Un élu des Côtes-d’Armor, soupçonné d’avoir dirigé un groupe sectaire depuis le sud de la France, a été mis en examen pour des faits de viols et d’abus de faiblesse sur plusieurs femmes. Interpellé jeudi, le maire d’une petite commune a été mis en examen notamment pour abus de faiblesse sur plusieurs femmes, et de viols sur au moins l’une d’elles, a indiqué lundi le parquet de Toulon.
Détention provisoire prononcée
Son maintien en détention provisoire a été prononcé par le juge des libertés et de la détention, a ajouté Raphaël Balland, procureur de la République de Toulon, dans un communiqué. Le mis en cause, âgé d’une vingtaine d’années, est soupçonné d’avoir dirigé, depuis le sud de la France, un groupe sectaire organisé autour d’un groupe de discussion créé sur un réseau social.

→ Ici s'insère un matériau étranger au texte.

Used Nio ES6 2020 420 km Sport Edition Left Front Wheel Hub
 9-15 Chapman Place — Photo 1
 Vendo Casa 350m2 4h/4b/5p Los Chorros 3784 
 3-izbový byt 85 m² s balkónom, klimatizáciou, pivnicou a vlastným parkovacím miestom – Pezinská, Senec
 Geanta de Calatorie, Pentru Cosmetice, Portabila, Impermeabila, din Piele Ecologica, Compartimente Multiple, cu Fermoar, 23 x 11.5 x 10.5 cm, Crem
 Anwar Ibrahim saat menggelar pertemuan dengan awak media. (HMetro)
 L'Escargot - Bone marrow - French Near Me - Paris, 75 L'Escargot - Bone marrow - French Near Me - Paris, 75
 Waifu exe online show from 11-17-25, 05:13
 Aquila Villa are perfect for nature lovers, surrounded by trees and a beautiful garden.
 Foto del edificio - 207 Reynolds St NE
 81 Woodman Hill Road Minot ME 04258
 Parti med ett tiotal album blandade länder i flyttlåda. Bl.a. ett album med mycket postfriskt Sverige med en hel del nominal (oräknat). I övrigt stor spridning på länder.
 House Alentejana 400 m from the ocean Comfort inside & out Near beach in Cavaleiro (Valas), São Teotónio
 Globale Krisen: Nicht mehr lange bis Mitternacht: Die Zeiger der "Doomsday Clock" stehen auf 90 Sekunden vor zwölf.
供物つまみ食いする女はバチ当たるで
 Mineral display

Il réside désormais dans les Côtes-d’Armor, où il a été arrêté la semaine dernière et « où il a été récemment élu maire d’une petite commune », avait indiqué le parquet jeudi. Selon le journal « Ouest France », il s’agit du maire de Tréogan qui avait remporté les élections municipales de mars dans cette petite commune d’une centaine d’habitants.
Fonctionnement du groupe identifié
Les enquêteurs ont identifié au moins six jeunes femmes victimes présumées du suspect entre 2017 et 2026. L’une d’elles, une étudiante de 21 ans, avait porté plainte en 2022 dans le département de la Mayenne. Elle accusait un homme de la « menacer de mort » si elle quittait le groupe de discussions « structuré par une organisation hiérarchisée » et ayant pour objectif affiché « la rencontre de personnes à haut potentiel intellectuel », selon le parquet.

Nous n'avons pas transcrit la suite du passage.